Disaster Recovery Plan¶
Classification: CONFIDENTIAL — Internal Use Only Document:
response-plans/drp.md· v1.1 · 2026-03-16 · GPUS-IT
1. Purpose & Scope¶
This Disaster Recovery Plan (DRP) defines the procedures, roles, and recovery objectives for restoring Greenpeace US IT (GPUS-IT) infrastructure following a disruptive event. It covers all four WDC on-premises servers (SKY, RAIN, SUN, WIND), GCP cloud infrastructure (gpus-infra), the Cloud VPN tunnel, and all dependent services.
Compliance alignment:
| Framework | Reference |
|---|---|
| CIS Controls v8 | CIS 11.1 — Establish and maintain a data recovery process |
| CIS Controls v8 | CIS 11.2 — Perform automated backups |
| CIS Controls v8 | CIS 11.3 — Protect recovery data |
| CIS Controls v8 | CIS 11.4 — Establish and maintain an isolated instance of recovery data |
| CIS Controls v8 | CIS 17.7 — Conduct routine DR exercises |
| PCI-DSS | Requirement 12.3 — Protect all system components from known security vulnerabilities |
| NIST SP 800-53 | CP-2 — Contingency Plan |
| NIST SP 800-53 | CP-9 — Information System Backup |
| NIST SP 800-53 | CP-10 — Information System Recovery and Reconstitution |
2. Recovery Objectives¶
| Server / Service | RTO (Snapshot Restore) | RTO (Config Restore) | RTO (Full Rebuild) | RPO |
|---|---|---|---|---|
| SKY (Primary DNS/DHCP) | < 5 min (RAIN auto-assumes) | < 30 min | < 4 hours | 24 hours |
| RAIN (Secondary DNS/DHCP) | < 30 min | < 1 hour | < 4 hours | 24 hours |
| SUN (Prometheus/Grafana) | < 30 min | < 1 hour | < 3 hours | 24 hours (config) / 0 (metrics) |
| WIND (ELK Stack) | < 30 min | < 1 hour | < 4 hours | 24 hours (config) / 0–15 min (logs) |
| GCP VPN Tunnel | < 15 min | < 1 hour | < 2 hours | N/A (stateless) |
| Cloud Run Services | < 5 min (auto-redeploy) | < 30 min | < 1 hour | N/A (container image) |
Service dependency chain:
Client DNS/DHCP ──► SKY or RAIN (independent of SUN and WIND)

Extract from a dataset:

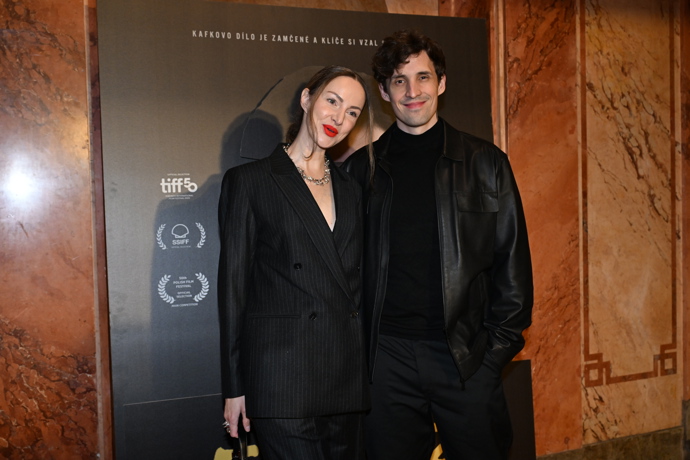 Čestmír Strakatý má krásnou manželku. 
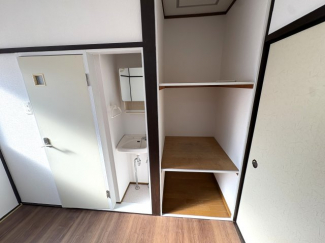 ２階和室　大きなクローゼット付き　明るくきれいなお部屋♪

↑ SKY/RAIN operate independently if SUN/WIND are down
↑ SUN/WIND failure = loss of visibility only, NOT loss of DNS/DHCP
Monitoring/Logging ──► SUN → Prometheus/Grafana
└──► WIND → Elasticsearch/Logstash/Kibana
GCP Services ──► Cloud VPN ──► WDC network
3. Roles & Responsibilities¶
| Role | DR Responsibility | Contact |
|---|---|---|
| Director of Cyber Security | Plan activation authority, P1/P2 escalation, external comms | On-call phone |
| DNS/DHCP Admin | SKY and RAIN recovery, DNSSEC key management | On-call phone + SSH |
| Monitoring/Logging Admin | SUN and WIND recovery, log pipeline restoration | On-call phone + SSH |
| Security Operations | Threat analysis during incident, AIDE verification | SOC hotline |
| Network Operations | ESXi vSwitch, Meraki MX100, VPN tunnel | NOC hotline |
| Backup Admin | Snapshot management, archive restores, backup verification | On-call phone |
| GCP Admin | Cloud Run, VPN, Terraform state restoration | GCP Console + CLI |
4. Disaster Scenarios & Response Matrix¶
| Scenario | Severity | Primary Response | Secondary Response |
|---|---|---|---|
| Single server failure (SKY or RAIN) | P2 | RAIN/SKY auto-assumes; rebuild failed server | ESXi snapshot restore |
| Both DNS/DHCP servers down | P1 | Emergency /etc/hosts on critical clients; rebuild both |
Bare-metal restore from NFS |
| SUN (monitoring) failure | P2 | DNS/DHCP unaffected; restore from snapshot | Rebuild from config backup |
| WIND (logging) failure | P2 | DNS/DHCP unaffected; rsyslog queues on SKY/RAIN | Restore from snapshot; verify log continuity |
| All four servers down | P1 | Activate full DR drill; ESXi host assessment first | Sequential rebuild: SKY → RAIN → SUN → WIND |
| ESXi host failure | P1 | Assess hardware; restore VMs from NFS backup store | Rebuild ESXi 6.7; deploy VMs; restore configs |
| GCP VPN tunnel down | P2 | Verify Meraki MX100 tunnel config; re-key if needed | Cloud VPN gateway failover |
| Cloud Run service failure | P2 | gcloud run deploy redeploy from Artifact Registry |
Rebuild image via Cloud Build |
| GCS backup bucket loss | P1 | Restore from on-prem NFS offsite backup | Re-establish GCS pipeline; audit all backups |
| Full site loss (WDC) | P1 | GCP services remain operational; DNS failover planning | Activate remote rebuild from GCS archives |
5. Backup Architecture¶
5.1 Backup Pipeline Overview¶
All four servers run an identical backup pipeline via /usr/local/bin/gpus-backup.sh (v2.0), scheduled at 02:00 daily via root crontab. Each backup runs in parallel on each server independently. The pipeline has two destinations:
/usr/local/bin/gpus-backup.sh (02:00 daily, each server)
│
├─► NAS → vmstorage.wdc.us.gl3:/volume1/backups/<server>/<YYYY-MM-DD>/
│ Mounted at /mnt/nas-backup on each server
│ Retention: 30 days (auto-pruned by script)
│
└─► GCS → gs://gpus-infra-backups-wdc/<server>/<YYYY-MM-DD>/
Retention: 90 days (GCS lifecycle policy)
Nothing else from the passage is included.